It has been reported[1] that e-commerce giant Flipkart has lost an appeal against the Income Tax department (hereinafter referred as ‘I.T. dept.’) for classification of marketing expenditure and discounts. The Commissioner of Income Tax (Appeals) after hearing the arguments opined that such marketing expenditure and discounts cannot be treated as revenue expenditure because the same are expenses done to build the brand value of the corporation and thus, should be reclassified as capital expenditure.

Creation of market intangibles:

The I.T. dept. has been reported in the media[2] to claim that apart from influencing customer behavior, such high spending by e-commerce operators results in improving the goodwill and thereby creating intangible assets for the company, and hence, should be reclassified as capital expenditure. The I.T. dept. was also reported to be of the opinion that the discounts to customers, marketing expenses and advertising expenses create market intangibles for the company and therefore, such expenses should be considered as capital expenses for the company.

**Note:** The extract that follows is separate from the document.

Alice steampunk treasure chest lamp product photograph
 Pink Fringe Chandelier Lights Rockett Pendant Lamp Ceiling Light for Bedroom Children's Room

If such are expenses are allowed to be treated as revenue expenditure, it shall reduce the net income of the company which in effect will show that there have been losses on the sale of products and thus, will reduce the taxable income. Flipkart had thus, been treating such expenses as revenue expenditure. However, as per the tax department’s standpoint, since the expenditure is building goodwill, it is a capital expenditure and it should not be deducted from revenue. It should rather be shown as assets in the balance sheet from which only depreciation should be deducted.

Flipkart is expected to soon challenge this ruling at Income Tax Appellate Tribunal.


Such ruling could also seriously impact how much e-commerce players are spending towards their marketing cost and how much discounts are availed by such e-commerce players to the final consumers.